‘The Company You Keep’ (2012) Movie Review

The Company You Keep is an average thriller. It’s not entirely exhilarating, but passes the time despite being a little too long at just over two hours. However, forget the thriller aspect for a second, the weirdest bit is the journalism side of the story and its clear hatred for new media. To be fair, I share director Robert Redford‘s disgust for the hit baiting slam pieces that come from today’s media more focused on clicks than integrity and proper sourcing. But, as we watch a young journalist do everything he can to check his sources and get the story straight, the way the narrative plays out it all begins to feel extraordinarily contradictory.

Written by Lem Dobbs (The Limey, Dark City), The Company You Keep is an adaptation of Neil Gordon’s novel centering on a young journalist’s exploration into the identity of a former member of the Weather Underground. The events are triggered following the arrest of Sharon Solarz (Susan Sarandon), a one-time member of the Weather Underground responsible for a variety of violent acts of domestic terrorism while protesting the Vietnam War. With the arrest happening in the backyard of a struggling local Albany newspaper, the editor (Stanley Tucci) sends the ambitious young journalist Ben Shepard (Shia LaBeouf) out to investigate how the FBI even knew where Solarz would be in the first place.

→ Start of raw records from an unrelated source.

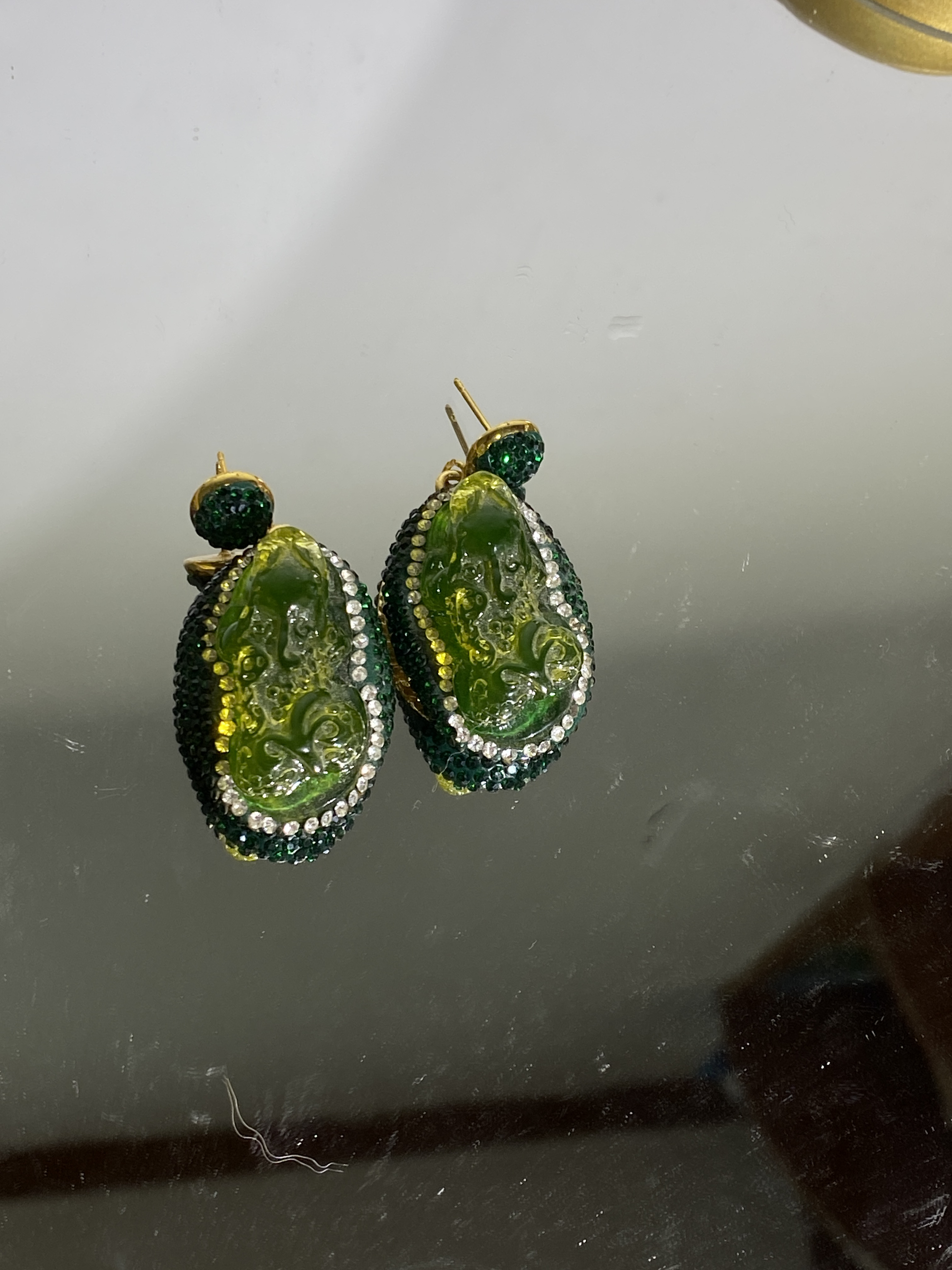 铜合金合成锆石耳饰 时尚轻奢绿色精雕貔貅耳饰1111d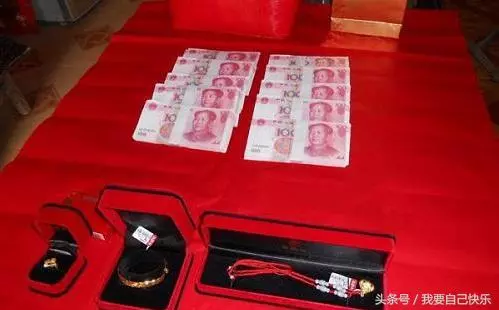 結婚後生了女兒婆婆給我一萬塊零花錢,我媽看了我一趟,錢不見了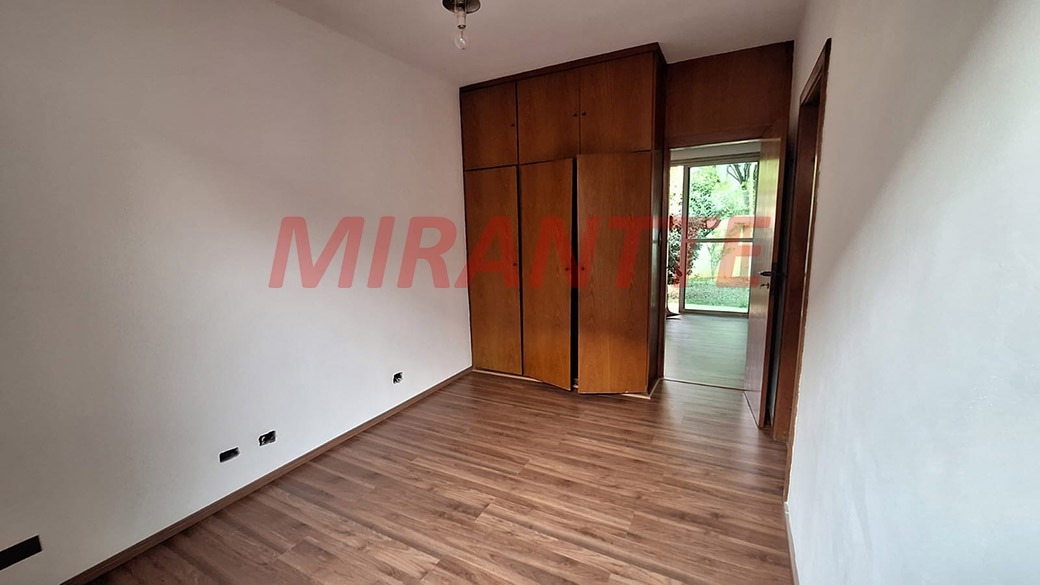 Sobrado de 332m² com 4 quartos em Jardim São Bento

Ben’s investigation quickly leads him to Jim Grant (Redford), a single father working as a lawyer with a private practice. Connecting the dots, he eventually learns Grant was also once a member of the Underground. He outs him in an article, sending him on the run with the FBI hot on his tail, but Ben has an inkling Grant isn’t running out of guilt, but for reasons he can’t yet quite explain.

The main focus here is Ben’s method of investigation. Yes, he uses Google search a couple times, but other than that he’s a pen, paper and library archives kind of guy, yet he’s chastised time and again over new media’s lack of sources, told such things as, “Maybe you should go tweet that” and “Oh, so you guys actually do get sources now.”

Ben isn’t the only one in the film’s line of sight as much as I got the impression most of America’s youth is the target as a desk clerk is made to look ignorant while tapping away on his cell phone before Ben interrupts him in search of some documents. Meanwhile, Ben is building a story, checking his sources and travels from Albany to Ann Arbor on his own dime. Hardly a journalist with the lack of integrity found in the new media slackers this script has set its sights on.

To tell the story, Redford has scattered a boatload of talent throughout. Including those already mentioned, appearances are made by Brendan Gleeson, Richard Jenkins, Nick Nolte, Chris Cooper, Julie Christie, Brit Marling, Terrence Howard, Sam Elliott and Anna Kendrick. No one can say Redford can’t assemble a cast, but then again he got together solid performers for both Lions for Lambs and The Conspirator and neither one of those exactly turned out a winner.

From the performances to the filmmaking, nothing stands out as much as it all maintains a level of status quo. It’s a competent film, good for a rental, but not much else. It’s a poor man’s All the President’s Men and the thriller aspect wears thin pretty quick and the mystery behind the story holds very little intrigue from the start.

Walking away, it felt the reason Redford even chose to direct the film had less to do with the story and more to do with a chance to point out the awful state of journalism today. It felt like every scene Shia LaBeouf was involved in at least one shot would be fired in the general direction of new media reporting and the idea of defamation over accuracy. Like I said, I understand the sentiment, but if that’s the film Redford wanted to make he should have thought about directing a different story.